Basic scrapy framework

Last Update:2018-10-25 Source: Internet

Author: User

Developer on Alibaba Coud: Build your first app with APIs, SDKs, and tutorials on the Alibaba Cloud. Read more ＞

Scrapy getting started Tutorial: Explain /~ Gohlke/pythonlibs/scrapy framework depends on twistid and needs to be downloaded from the above website and placed under scrips ;?? PIP install c: \ Python \ anaconda3 \ Twisted-18.7.0-cp36-cp36m-win_amd64.whl ?? PIP install scrapy 2. Create scrapy project 1. because pychram does not have an integrated environment, you need to execute the command to create it. After execution, use pychram to select a new window to open ;?????????? Scrapy startproject projectname 2. Create a crawler file and execute the following command: command section ?????????????????? File Name crawling get the scrapy genspider Baidu. comscrapy genspider-T crawl Baidu Baidu.com 3 configuration file modification: settings. py file

USER_AGENT = ‘Mozilla/5.0 (Windows NT 10.0; WOW64) AppleWebKit/537.36 (KHTML, like Gecko) Chrome/61.0.3163.79 Safari/537.36 Maxthon/5.2.3.6000‘

# Obey robots.txt rules
ROBOTSTXT_OBEY = False

DOWNLOAD_DELAY = 3

ITEM_PIPELINES = {
   ‘xiaoshuo_pc.pipelines.XiaoshuoPcPipeline‘: 300,
}

4. Run the scrapy crawl name (variable value) scrapy crawl name-o book. JSON (output to file {JSON, XML, CSV}) scrapy crawl name-o book. JSON-t json (-T indicates the format output, which is generally ignored)

** During the first running, I encountered the no module named WIN32API error. This is because Python does not have a library to access the Windows system API and needs to download a third-party library. Library name is pywin32, can be directly downloaded from the Internet, download link: http://sourceforge.net/projects/pywin32/files%2Fpywin32/ (download for your Python version) download and placed to the scripts directory under the dual machine run, (or PIP install pypiwin32 ))

Iii. Sample Code for novel acquisition:Create the entry execution file main. py

From scrapy. cmdline import Execute
Execute ("scrapy crawl zol". Split () # zol is the name of the variable defined in the zol File

Class shiqikspider (scrapy.
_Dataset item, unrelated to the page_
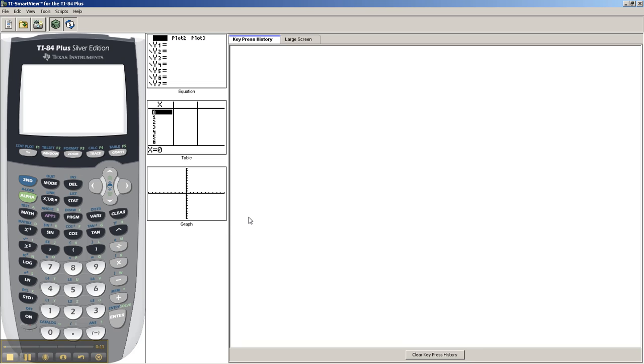Now, don't do this for the free response, even if you're allowed to use your calculator, because they won't accept that I just used my calculator to do this for me. But for multiple choice, for whatever reason, you need to find a tangent line to a curve.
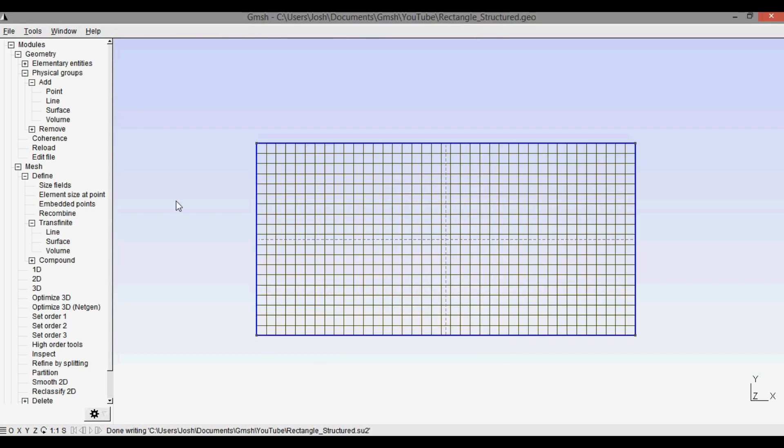So that was how to create a structured or transfinite mesh in Gmesh for a four point rectangle. In the next video I'll be going through how to create a slightly more complicated five point structured rectangular mesh in Gmesh for use in a CFD problem. Thanks for watching.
Spider ):
Name = 'shiqik'
Allowed_domains = ['17k. com']
Start_urls = ['https: // www.81zw. US/book/1379/6970209 .html ']

Def parse (self, response ):
Title = response. XPath ('// Div [@ class = "bookname"]/H1/text ()'). extract_first ()
Content = ''. join (response. XPath ('// Div [@ ID = "content"]/text ()'). extract ()). replace ('', '\ n ')
Yield {"title": title, "content": Content}
Next_page = response. XPath ('// Div [@ class = "bottem2"]/A [3]/@ href'). extract_first ()
If next_page.find (". html ")! =-1:
Print ("continue to next URL ")
New_url = response. urljoin (next_page)
Yield scrapy. Request (new_url, callback = self. parse, dont_filter = true)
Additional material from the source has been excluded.